It's the last day of our summer AP Institute, learning about the changes for APUSH that we need to take into account for next year. It's been an exhausting week and we're all ready to be done, especially those of us in FCPS as this extended our already long school year by an extra 4 days. We're also sitting in a classroom on a Saturday from 8-5, and we'll be here until 5. No getting out at 4:30 like we all hope!
I'm also blogging this for the #SummerLS or summer learning series that is taking place through the twitter hashtag. If any fellow educators want to join in, look up Todd Nesloney on twitter and ask to join!

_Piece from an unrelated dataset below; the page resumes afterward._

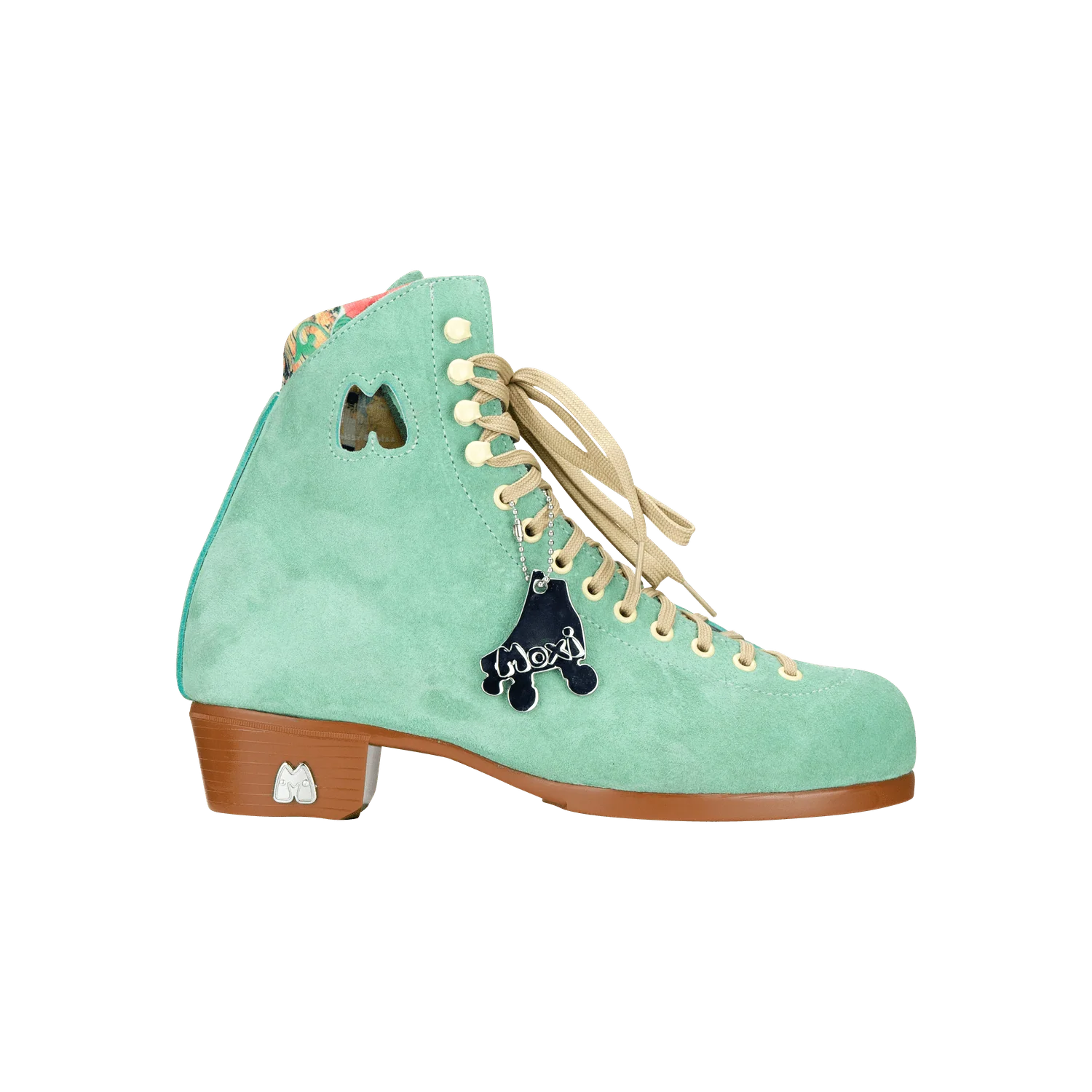 Moxi Lolly Boot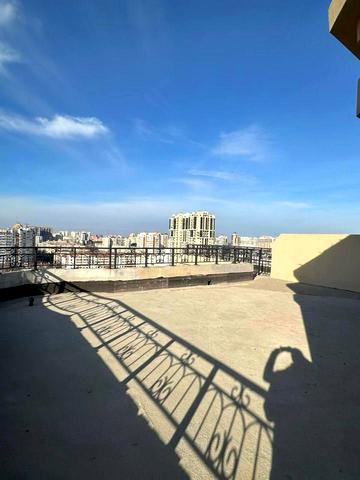 Полуничний пров., 24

The changes for APUSH seem to be good. The biggest thing is the change in the DBQ and what students need to do with the documents within the essay. Rather than just using an analysis of 55% of the documents as in the past, students now need to use ALL of the documents (or at least all minus one) and either discuss the historical context, intended audience, purpose or point of view for each document. The rubric is going to change, but join the APUSH facebook group or the #APUSH chat on twitter and you should find some resources. There's also apparently lots on the Teacher Community on AP Central. So big change for this year is going to be paring down how much lecture we do, to add more time analyzing documents in class and discussing them.
Another big change to the test are the short answer questions. Students have to answer all of these, and the focus is on answering the prompt, either based on a picture (so a question would be "discuss the point of view of the artist in regards to (historical context)"), a text excerpt, or no stimulus. 2-3 sentences shouldn't be a problem, the real issue in teaching them how to write these is that they're not mini essays. Maybe start these as warm-ups on index cards to limit their space.
Instead of 2 FRQs, students now write one long essay (the new name) that also mentions historical thinking skills, so we're going to have to specifically name and teach those with our kids so they understand what the questions are asking.
There's definitely going to be some changes in the classroom, but it will be good changes going into more depth with the kids.